The plaintiffs argue, in effect, that the ZBA erred by finding the engineer
to be credible. However, it was for the ZBA to assess the credibility of the
parties’ offers of proof. See id. at 519.

Finally, the plaintiffs argue that the trial court erred by not considering
information they submitted, for the first time, with their motion for
reconsideration. The plaintiffs appended to their motion records from the New
Hampshire Department of Environmental Services (DES) concerning the water
treatment chemicals that Aquarion uses. The trial court declined to consider
that evidence because the plaintiffs could have submitted it to the ZBA at the
hearing on the special exception, but chose not to do so.

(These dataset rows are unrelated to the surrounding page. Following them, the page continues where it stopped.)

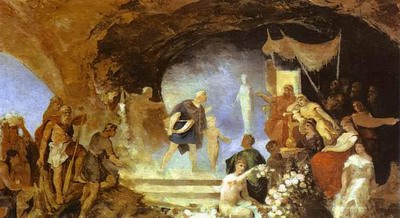 Orpheus in the Underworld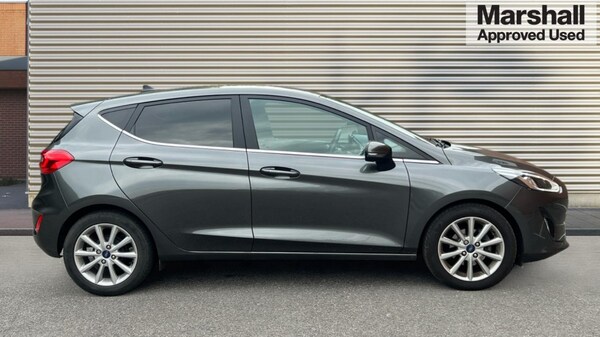 Used Ford Fiesta 2019 for sale - 76037629: Photo 2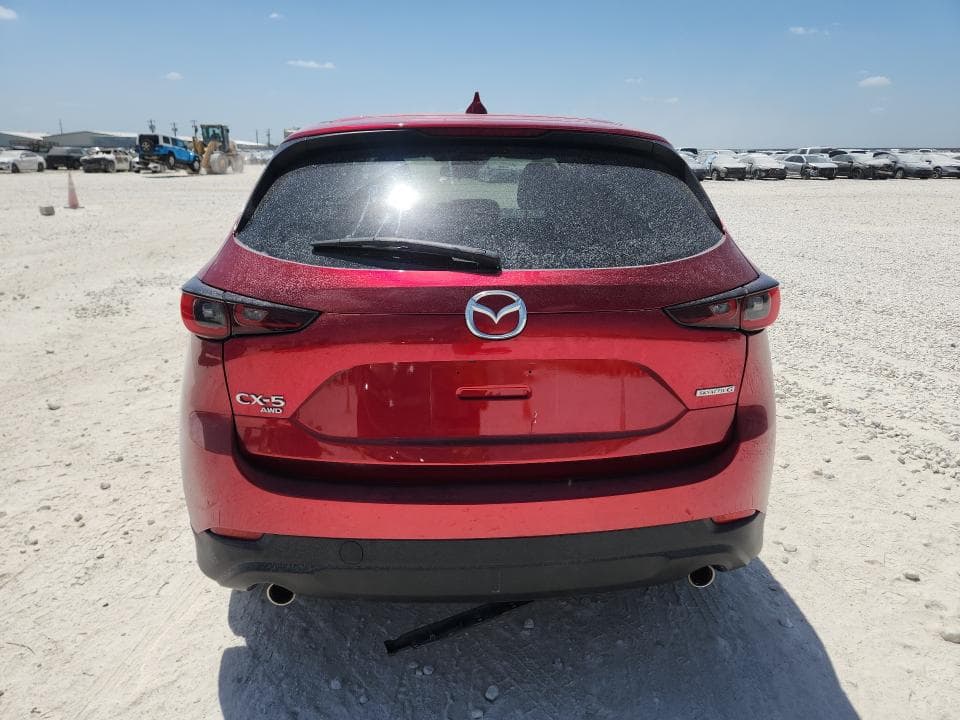2023 MAZDA CX-5 SELECT 6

“Whether to receive further evidence on a motion for reconsideration
rests in the sound discretion of the trial court.” Lillie-Putz Trust v. DownEast
Energy Corp., 160 N.H. 716, 726 (2010)
. We review the trial court’s ruling for
an unsustainable exercise of discretion and will not overturn it unless the
plaintiffs can show that it was clearly untenable or unreasonable to the
prejudice of their case. See id. Moreover, in the context of an appeal of a ZBA
decision, “[i]t is the trial court’s prerogative to determine whether admission of
further evidence would advance justice or judicial economy. The trial court is
in the best position to determine the sufficiency of the record before it.”
Robinson v. Town of Hudson, 149 N.H. 255, 258 (2003) (quotation omitted).

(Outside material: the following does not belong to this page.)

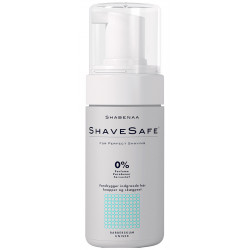 ShaveSafe Intim Barberskum mod Røde Knopper ShaveSafe Intim Barberskum mod Røde Knopper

Here, we cannot conclude that the trial court unsustainably exercised its
discretion by declining to consider the DES information the plaintiffs submitted
for the first time with their motion for reconsideration. The trial court was well
within its discretion not to consider information that could have been, but was
not, presented to the ZBA. As the trial court observed: “The ZBA weighed the
evidence and assessed the credibility of offers of proof based upon the
information that it had at the time, and the process of appellate review is not
designed to afford the losing side an opportunity to undermine those credibility
determinations in this manner, particularly where such evidence is submitted,
for the first time, in . . . a motion for reconsideration.” We have reviewed the
plaintiffs’ remaining arguments and conclude that they do not warrant further
discussion. See Vogel v. Vogel, 137 N.H. 321, 322 (1993).

Affirmed.

Lynn, C.J., and Hicks, Hantz Marconi, and Donovan, JJ., concurred.